Source data
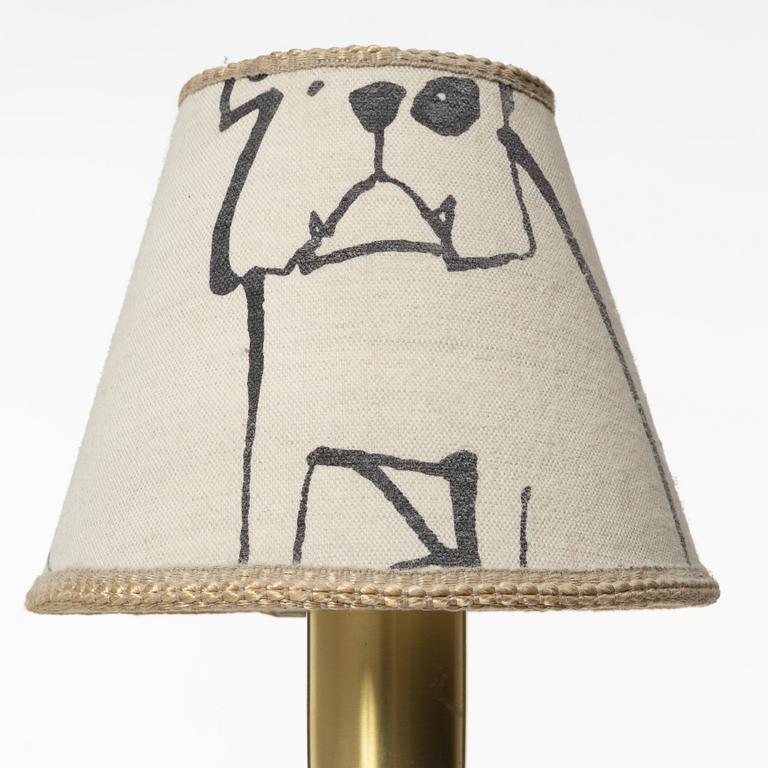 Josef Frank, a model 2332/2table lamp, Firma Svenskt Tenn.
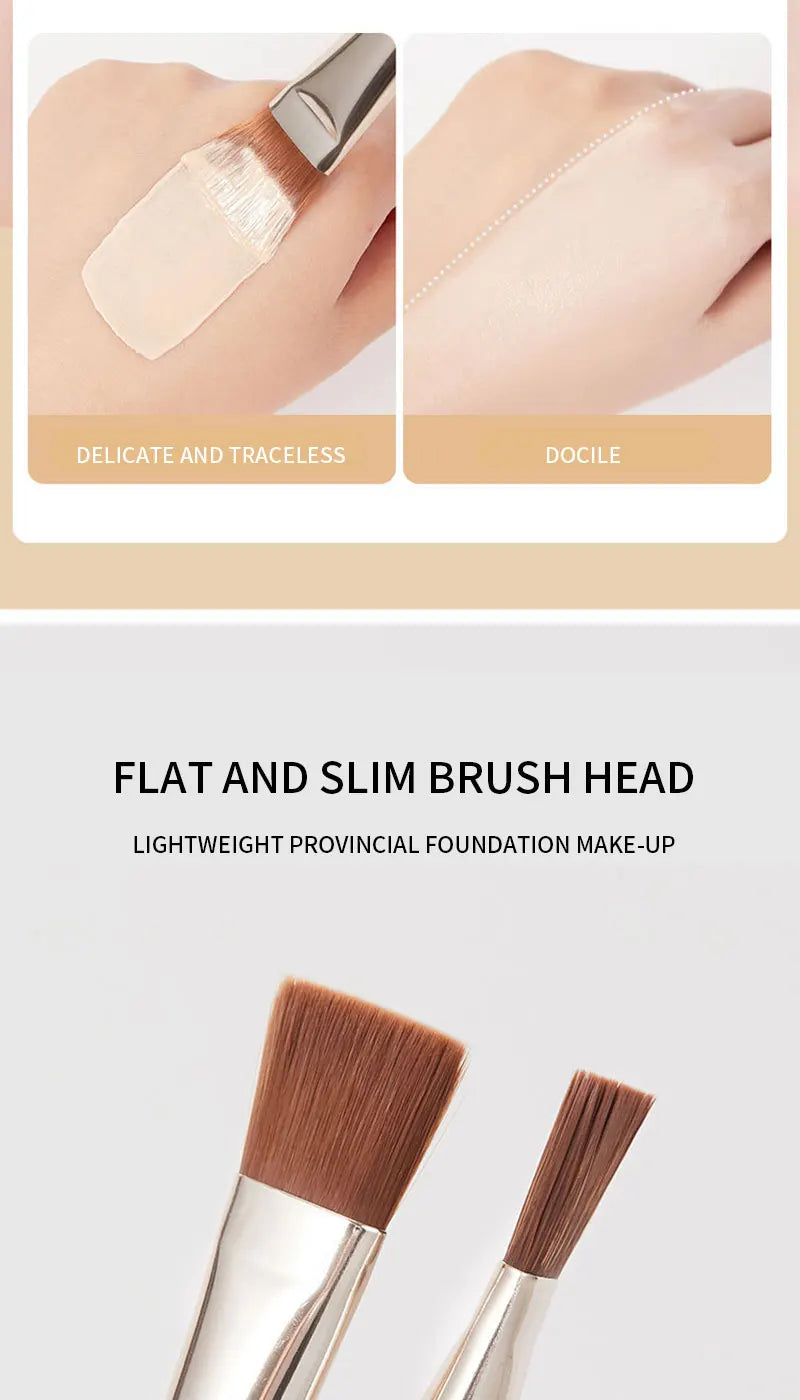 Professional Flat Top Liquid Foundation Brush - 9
...
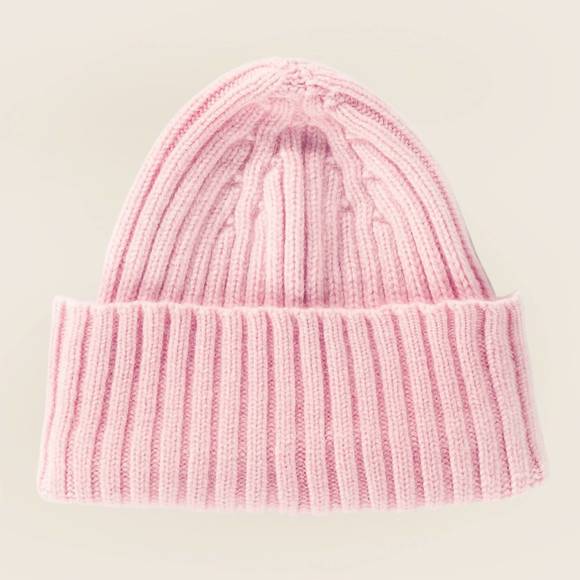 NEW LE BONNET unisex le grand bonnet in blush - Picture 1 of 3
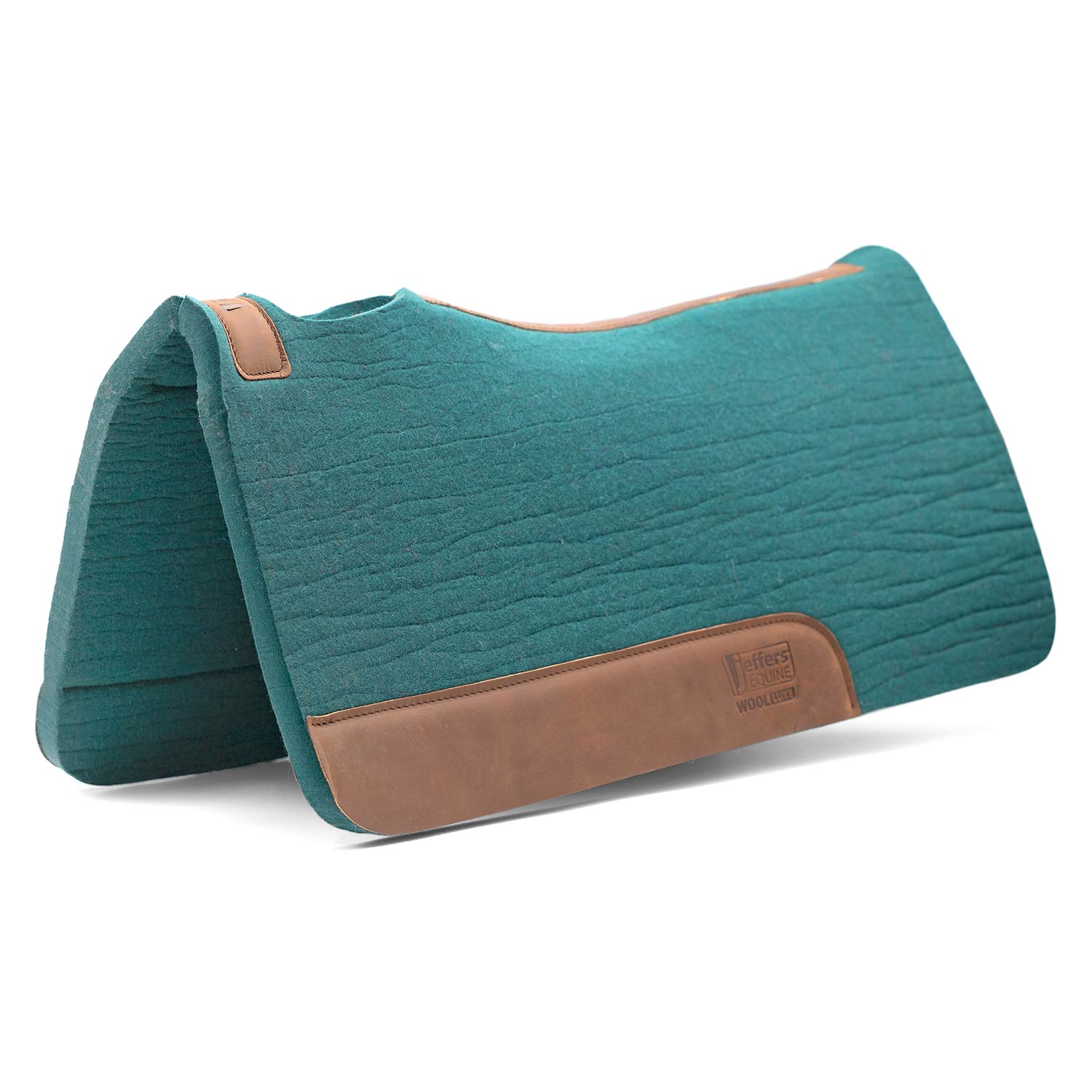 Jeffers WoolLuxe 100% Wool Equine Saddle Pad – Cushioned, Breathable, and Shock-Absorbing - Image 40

Task item
Set the pictures aside and transcribe exactly the stretch of lines above, beginning with the one holding "Josef Frank, a" and ending with the one holding "Professional Flat Top".

Your solution
 Josef Frank, a model 2332/2table lamp, Firma Svenskt Tenn.
 Professional Flat Top Liquid Foundation Brush - 9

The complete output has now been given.